One of my most vivid memories and an example of pure sibling silliness was when we spent our summer vacation lying on a blanket in the backyard cawing at the shiny black crows in the cornfield next door and taking turns translating what the crows’ return caws meant. A more daring past-time was lying perfectly still in the yard when we spotted an occasional buzzard. We became as still as three giggling kids can possibly be, trying our best to make the buzzard think we were the treat it was looking for just so we could jump up and scare it at the last minute. Although it never worked, we still delighted in pondering how the poor buzzard would react to our trickery.
Her eyes grow as big as saucers each time I tell about the day a runaway log truck left the highway, jumped the ditch and barreled through our yard straight toward us and our pretend cave in the hedgerow.

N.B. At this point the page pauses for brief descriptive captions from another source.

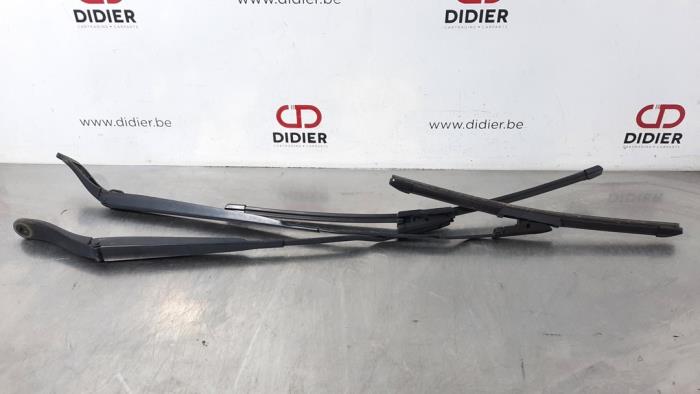Set of wiper blades from a Citroën C3 (SC) 1.0 Vti 68 12V 2014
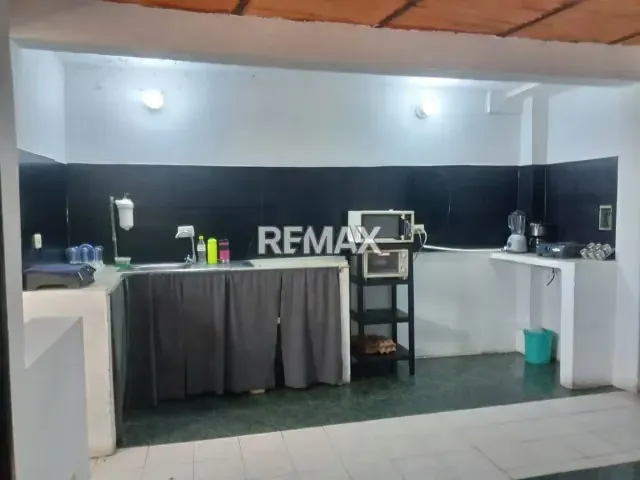 Se vende una casa con local comercial en cordero Av Bolívar cerca del vivero , - 2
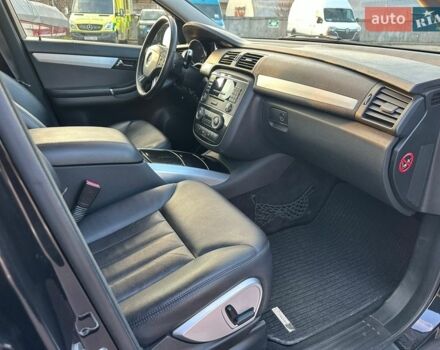 Чорний Мерседес Р-Клас, об'ємом двигуна 3.5 л та пробігом 270 тис. км за 6900 $, фото 36 на Automoto.ua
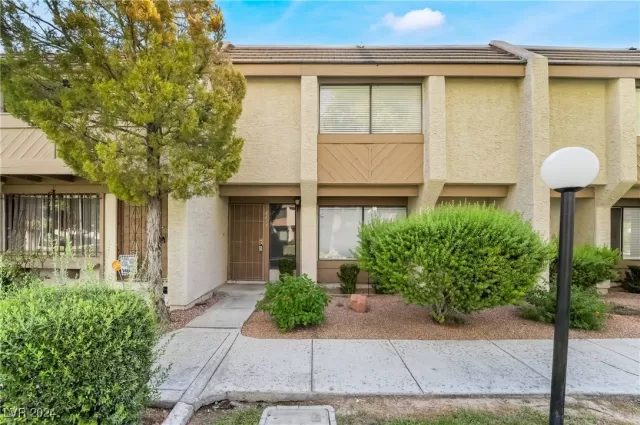 MLS: 2604771 Condo For Sale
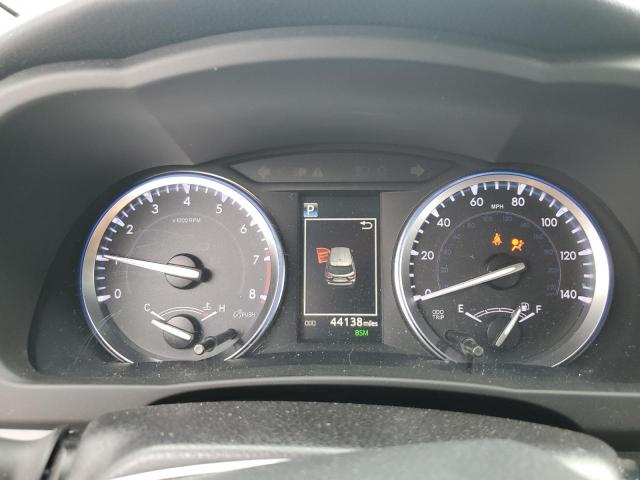 5TDJZRFH4JS523886 - 2018 TOYOTA HIGHLANDER SE Beyaz fotoğraf 9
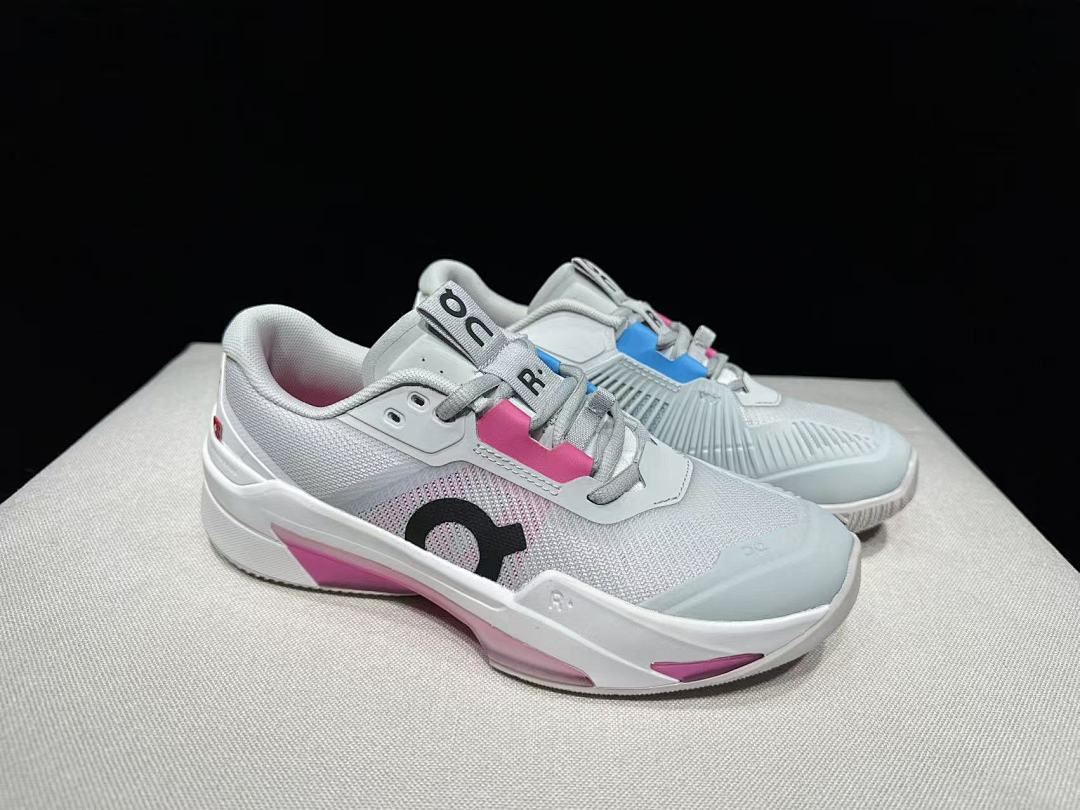 On The Roger Pro Fire Clay Grey Blue Tennis Footwear - product image from the listing.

I dramatically recount my bravery of throwing one brother over my shoulder while screaming for the other to stay close behind as we ran at breakneck speed to the house.
Ever the horse-lover, my daughter begs to hear about my sister’s bad-tempered shetland pony. She won it at a fair and loved that pony from the second she saw it at the drawing booth. She named it Miracle because she had been praying for a horse for years. Every afternoon after school she would saddle Miracle up and put my two brothers on her and lead them round and round the yard. Unbeknownst to me my turn to ride always came just before feeding time. Miracle knew what time it was and no sooner had I mounted up and taken the reins, a dinner bell rang in that pony’s head. Off she would run with me holding on and screaming at the top of my lungs. After what seemed minutes of riding the wild bronc (but was really only seconds) I would land on the ground, dazed as I watched the back end of Miracle heading for the feed trough and my sister laughing hysterically that I had fallen for the trick once again.
No, my daughter will not ever have stories of her own to tell, but maybe a second-hand sibling experience isn’t so bad. I find myself smiling when one of my siblings comes to visit and the inevitable happens. My daughter shepherds them to the big story-telling chair, repeating the now familiar words, “Can you tell me about the time. . . . “ and off she goes again into her own version of a sibling experience.